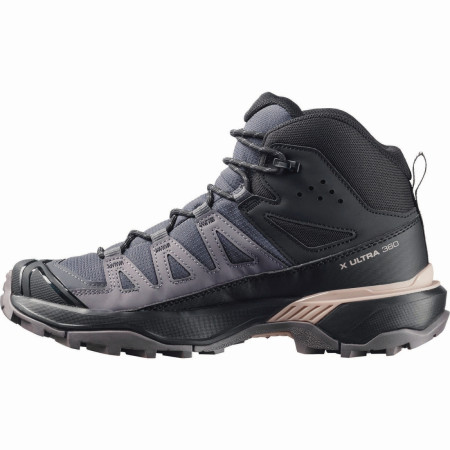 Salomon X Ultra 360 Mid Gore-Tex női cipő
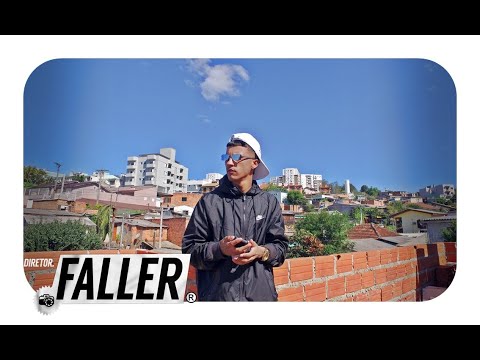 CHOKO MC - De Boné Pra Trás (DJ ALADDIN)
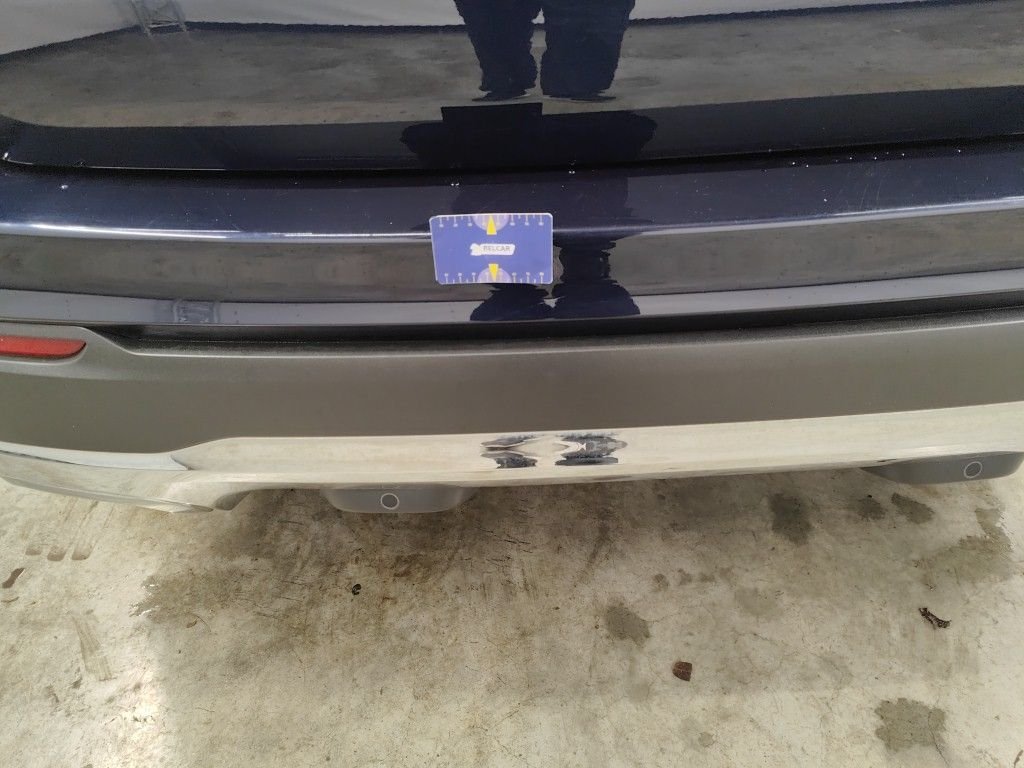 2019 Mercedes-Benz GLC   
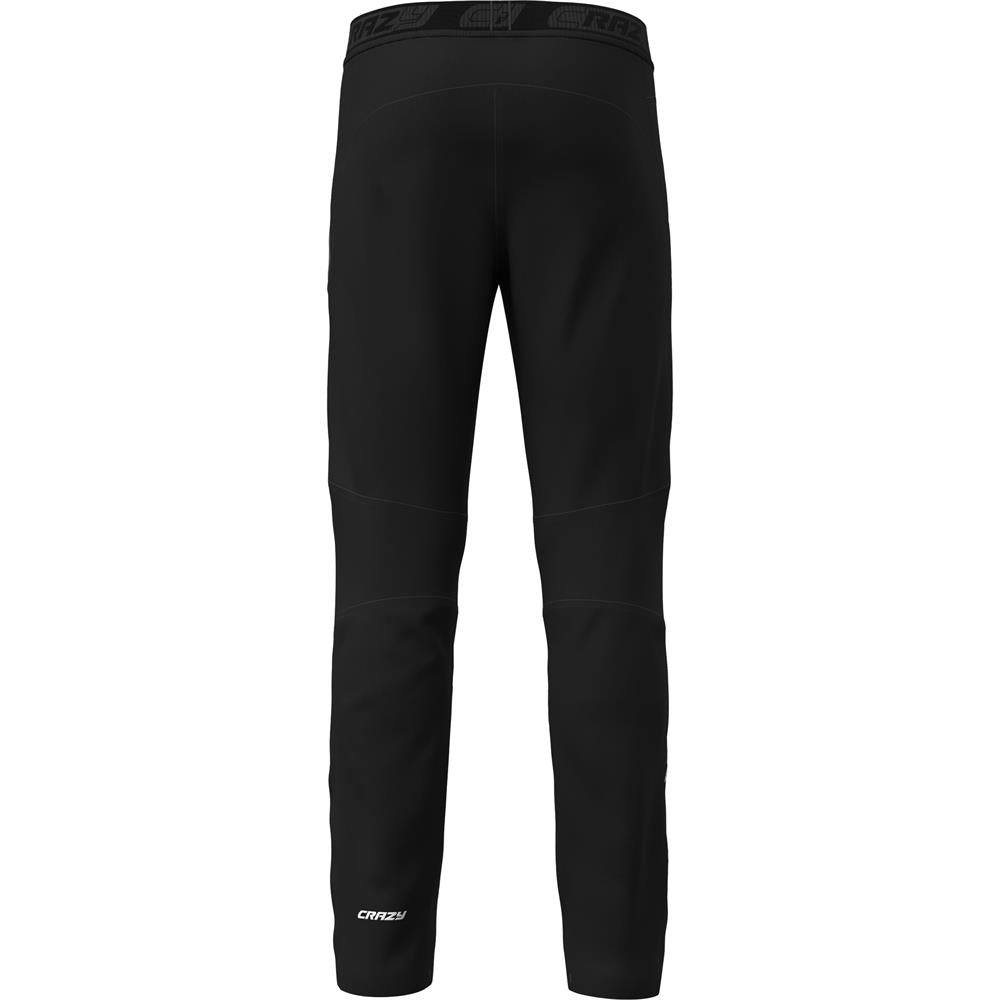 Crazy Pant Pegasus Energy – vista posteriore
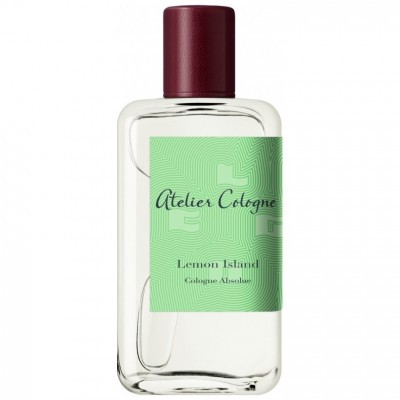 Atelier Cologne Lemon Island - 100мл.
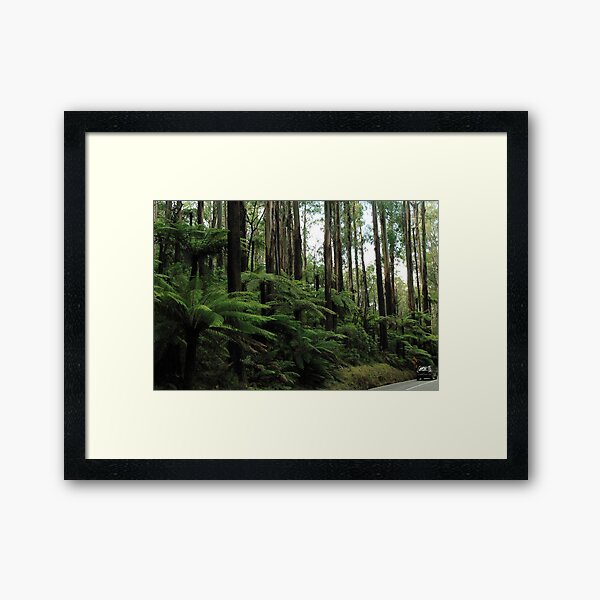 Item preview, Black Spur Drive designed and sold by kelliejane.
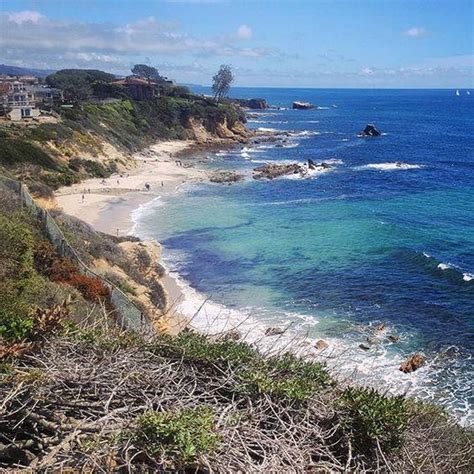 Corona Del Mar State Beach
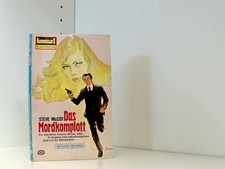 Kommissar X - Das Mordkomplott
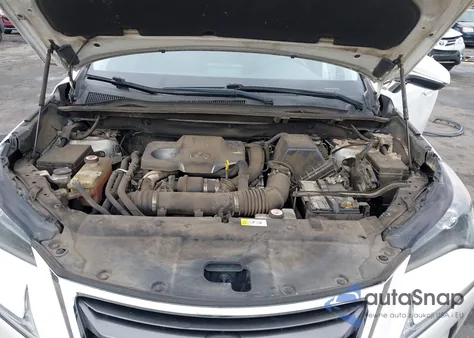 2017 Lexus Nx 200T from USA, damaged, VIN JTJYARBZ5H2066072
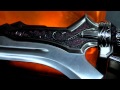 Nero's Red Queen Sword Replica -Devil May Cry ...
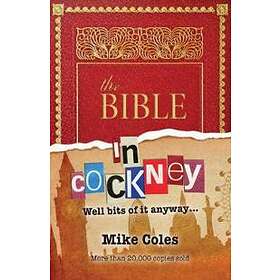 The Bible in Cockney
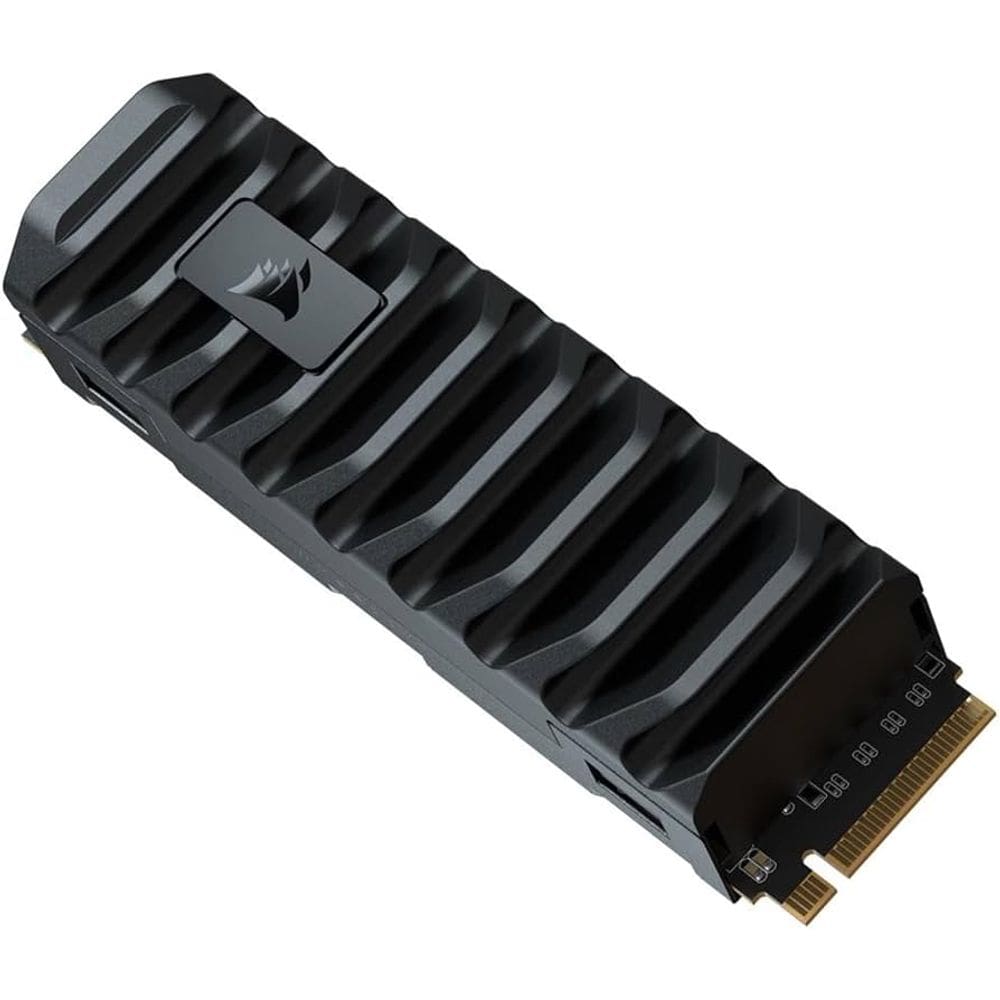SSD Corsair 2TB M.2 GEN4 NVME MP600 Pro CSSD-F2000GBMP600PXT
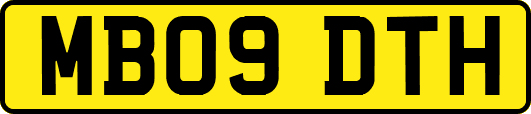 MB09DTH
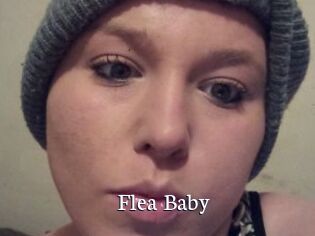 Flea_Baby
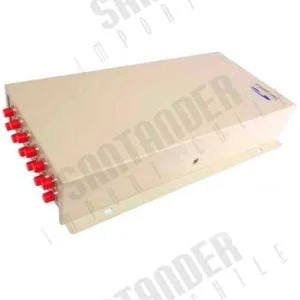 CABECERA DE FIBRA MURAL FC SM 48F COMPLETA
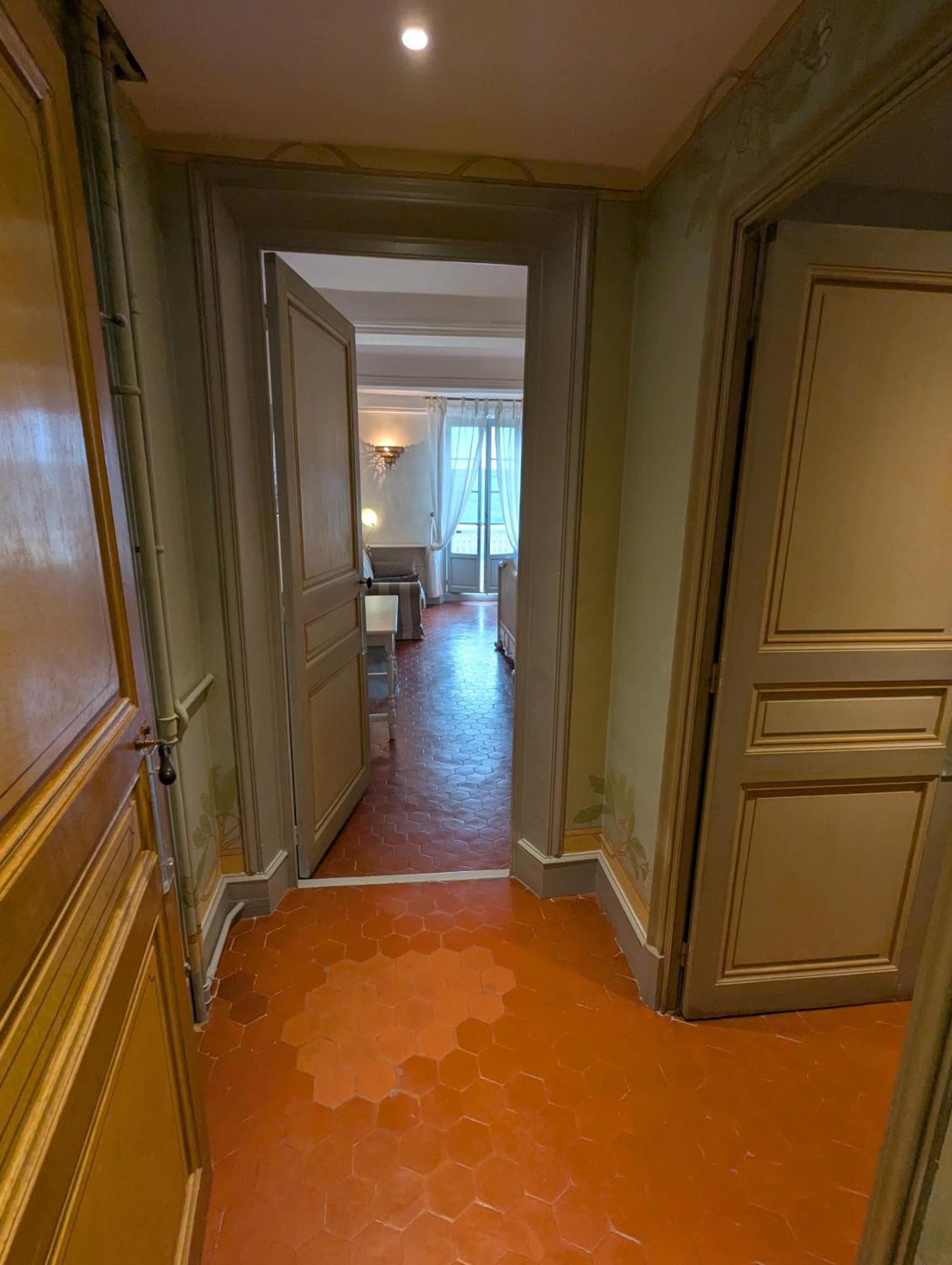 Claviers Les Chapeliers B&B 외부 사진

━━━━━━━━━━━━━━━━━━━━━━━━━━━━━━

▸ YOUR ASSIGNMENT:
Everything from the line containing "2017 Lexus Nx" through the last line of the entries must be repeated verbatim, except pictures.

▸ REPLY:
 2017 Lexus Nx 200T from USA, damaged, VIN JTJYARBZ5H2066072
 Nero's Red Queen Sword Replica -Devil May Cry ...
 The Bible in Cockney
SSD Corsair 2TB M.2 GEN4 NVME MP600 Pro CSSD-F2000GBMP600PXT
 MB09DTH
 Flea_Baby
 CABECERA DE FIBRA MURAL FC SM 48F COMPLETA
 Claviers Les Chapeliers B&B 외부 사진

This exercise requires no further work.